━━━━━ Dataset records
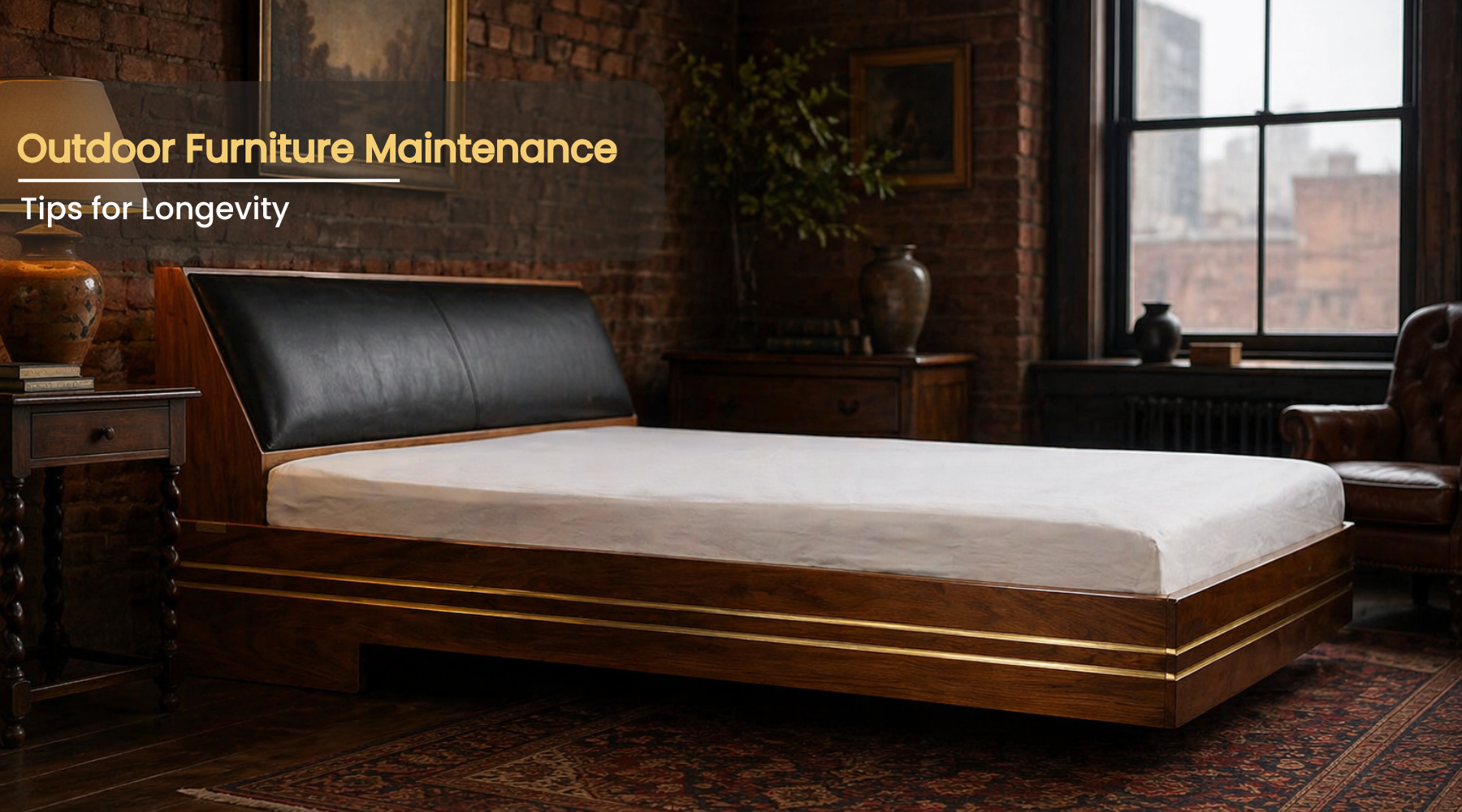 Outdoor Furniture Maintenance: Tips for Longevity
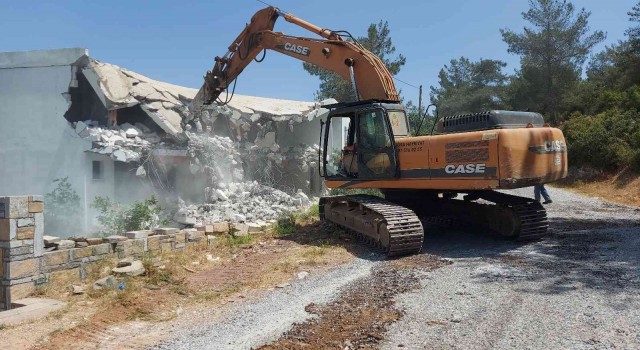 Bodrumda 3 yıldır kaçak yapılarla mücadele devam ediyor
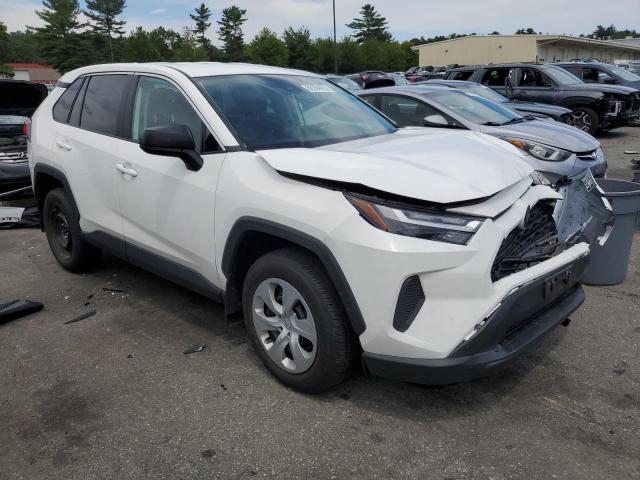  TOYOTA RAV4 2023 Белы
━━━━━━━━━━
━━━━━ Dataset records
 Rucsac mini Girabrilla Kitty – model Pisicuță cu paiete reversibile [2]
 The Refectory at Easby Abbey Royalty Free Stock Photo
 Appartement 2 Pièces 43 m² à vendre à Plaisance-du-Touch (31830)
━━━━━━━━━━
━━━━━ Dataset records
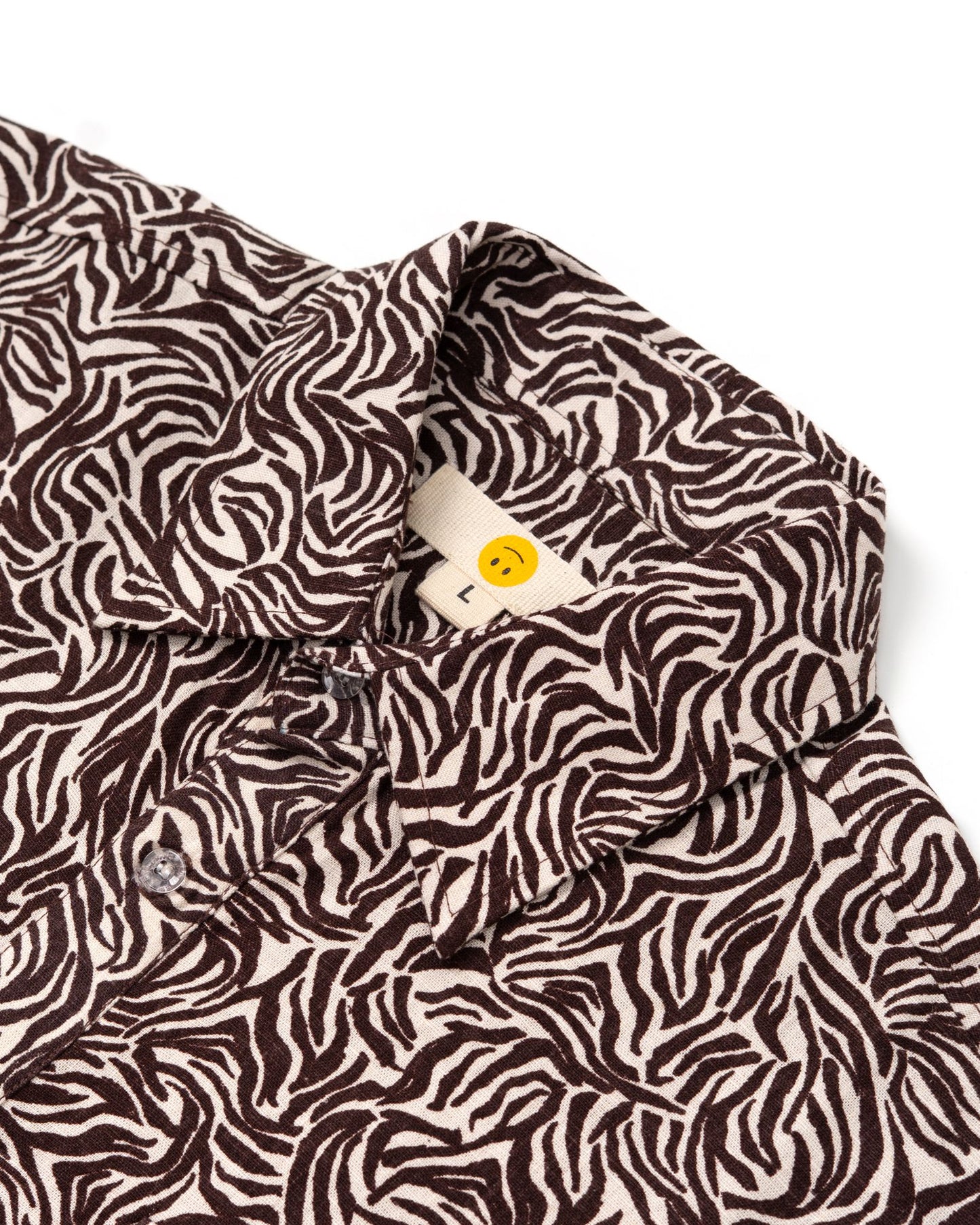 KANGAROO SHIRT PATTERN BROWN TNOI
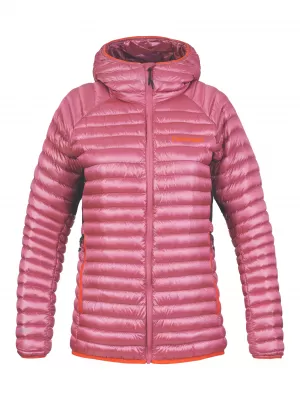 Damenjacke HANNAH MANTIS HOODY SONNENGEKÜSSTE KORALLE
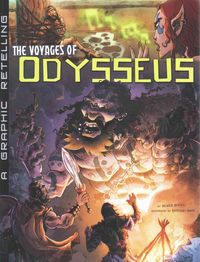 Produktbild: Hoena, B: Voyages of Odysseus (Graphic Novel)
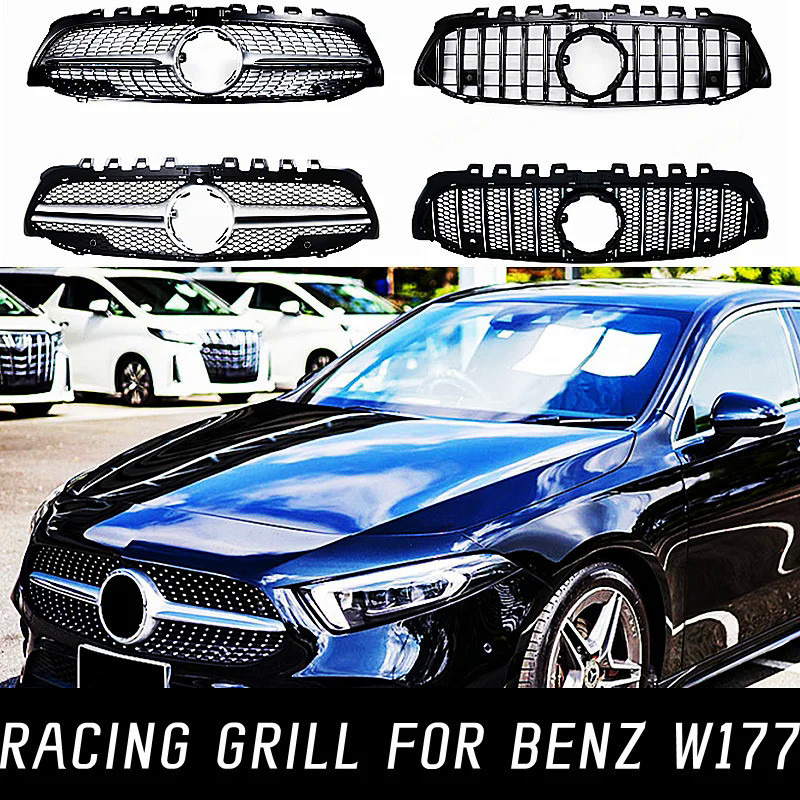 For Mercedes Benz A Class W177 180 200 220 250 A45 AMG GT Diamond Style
━━━━━━━━━━
* Exercise description
Of the lines above, quote exactly those from the one with "Outdoor Furniture Maintenance: Tips" through the one with "TOYOTA RAV4 2023 Белы", ends included; pictures stay out.

* Written solution
 Outdoor Furniture Maintenance: Tips for Longevity
 Bodrumda 3 yıldır kaçak yapılarla mücadele devam ediyor
  TOYOTA RAV4 2023 Белы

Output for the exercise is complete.